Brief: Could the entries below be reproduced exactly, with the images removed?

----

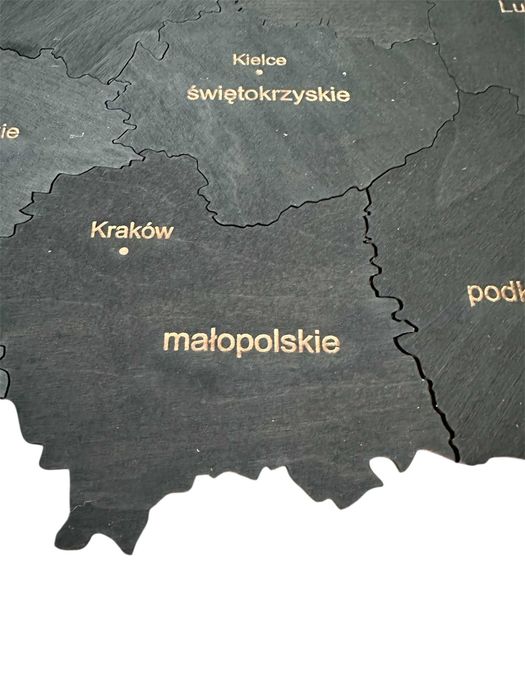 Mapa Polski 160cm grawer województw i miast wojewódzkich wybór kolorów
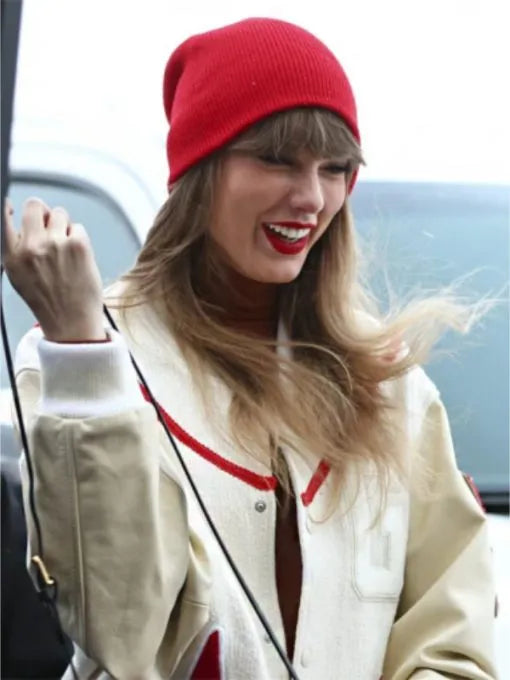 Taylor Swift Chiefs Bills Game CTFL Varsity White Jacket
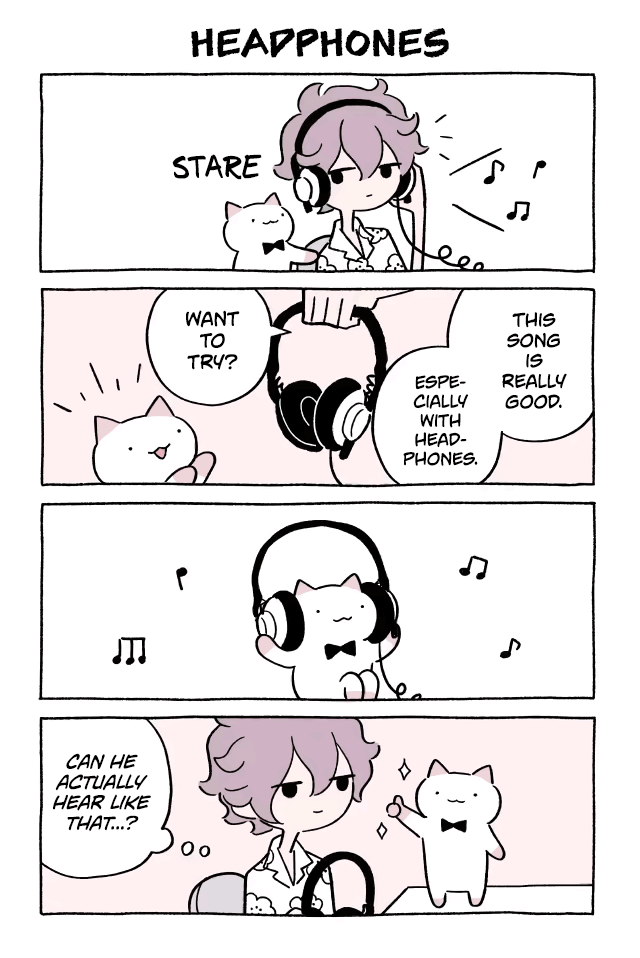 Fushigi Neko no Kyuu-chan Chapter 412 page 1 - Chapter 412: Headphones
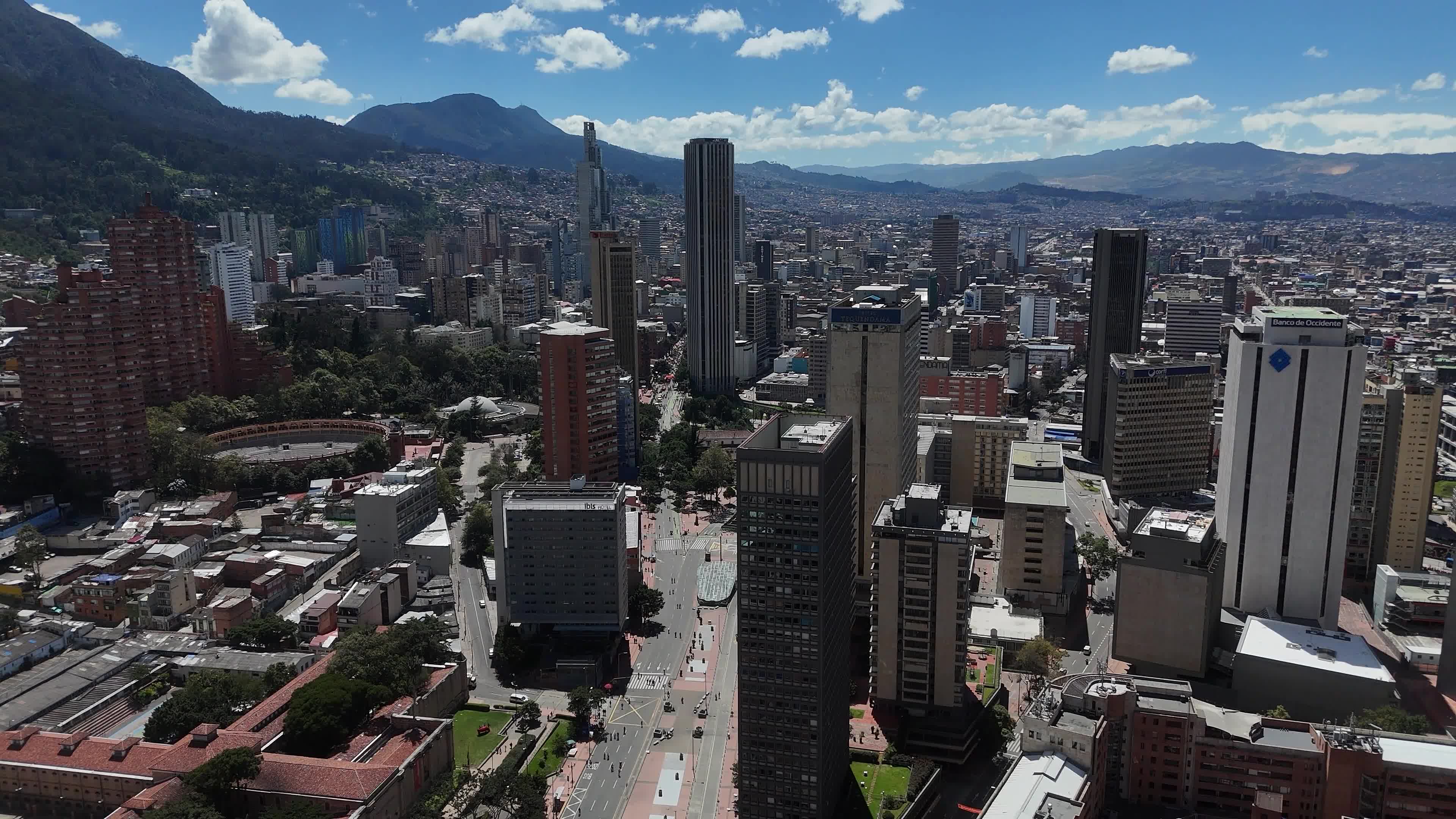 Bogota Financial District and Downtown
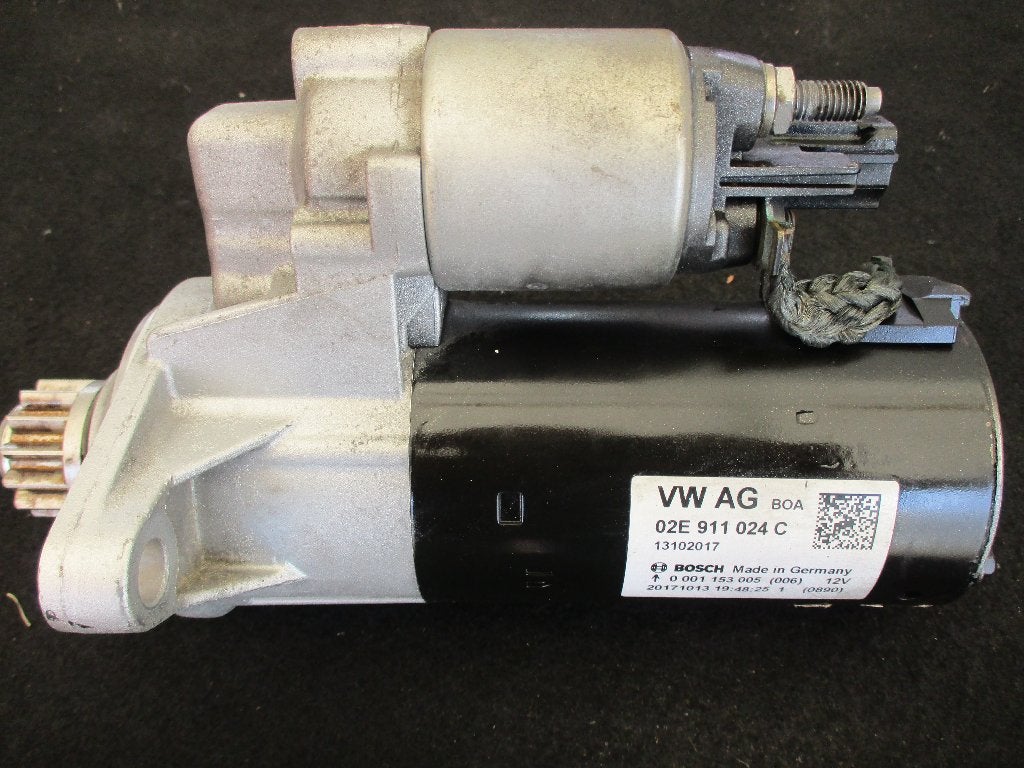Startmotor Bosch 02E 911 024 C VW Audi Skoda Seat Nieuwstaat, Ophalen of Verzenden, Nieuw, Audi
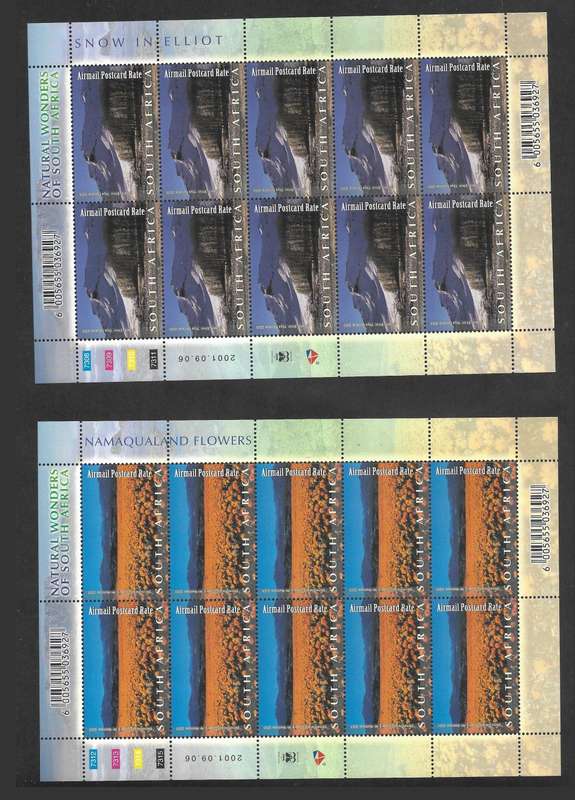 2001- NATURAL WONDERS FULL SHEETS                                                      ** R3000-00**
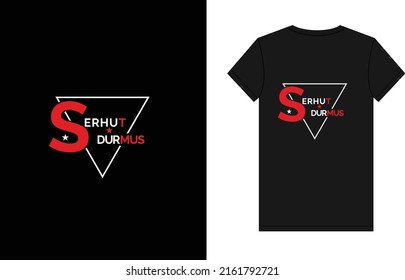 Typography T- shirt design. it's a good looking man t-shirt. that is my own concept.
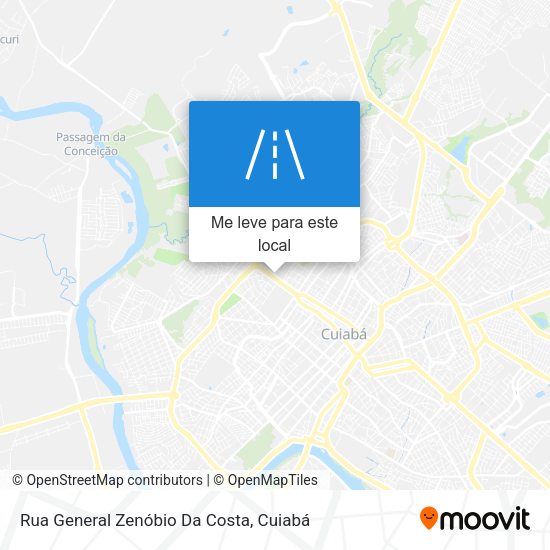 Rua General Zenóbio Da Costa mapa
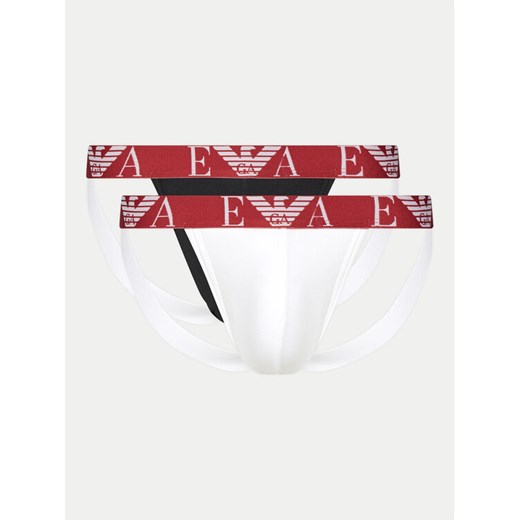 Emporio Armani Underwear Komplet 2 par slipów Jock Strap EM000257 AF10778 M0080 Kolorowy ze sklepu MODIVO w kategorii Majtki męskie - zdjęcie 182633996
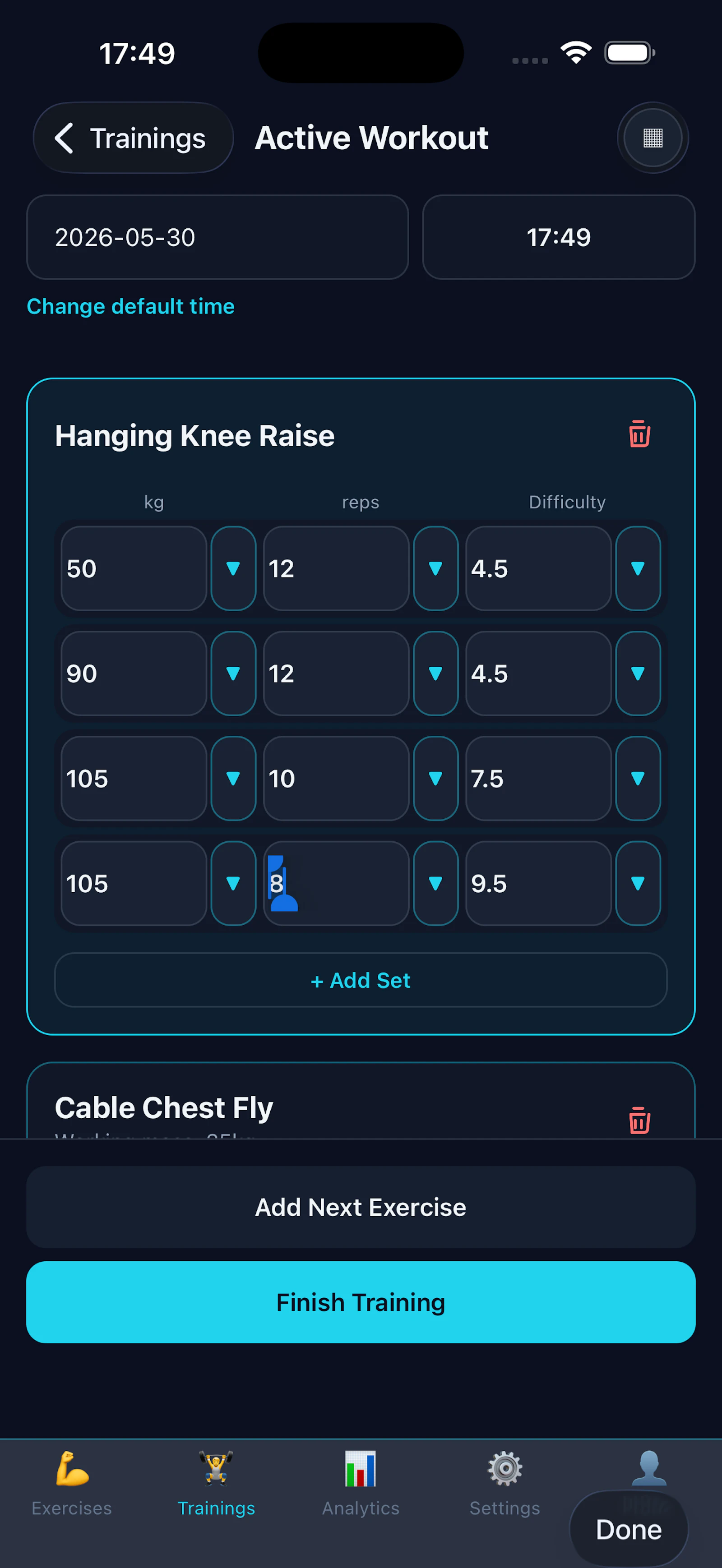 FitTracker Strength Analytics screenshot 5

----

Worked solution:
 Mapa Polski 160cm grawer województw i miast wojewódzkich wybór kolorów
 Taylor Swift Chiefs Bills Game CTFL Varsity White Jacket
 Fushigi Neko no Kyuu-chan Chapter 412 page 1 - Chapter 412: Headphones
 Bogota Financial District and Downtown
Startmotor Bosch 02E 911 024 C VW Audi Skoda Seat Nieuwstaat, Ophalen of Verzenden, Nieuw, Audi
 2001- NATURAL WONDERS FULL SHEETS                                                      ** R3000-00**
 Typography T- shirt design. it's a good looking man t-shirt. that is my own concept.
 Rua General Zenóbio Da Costa mapa
 Emporio Armani Underwear Komplet 2 par slipów Jock Strap EM000257 AF10778 M0080 Kolorowy ze sklepu MODIVO w kategorii Majtki męskie - zdjęcie 182633996
 FitTracker Strength Analytics screenshot 5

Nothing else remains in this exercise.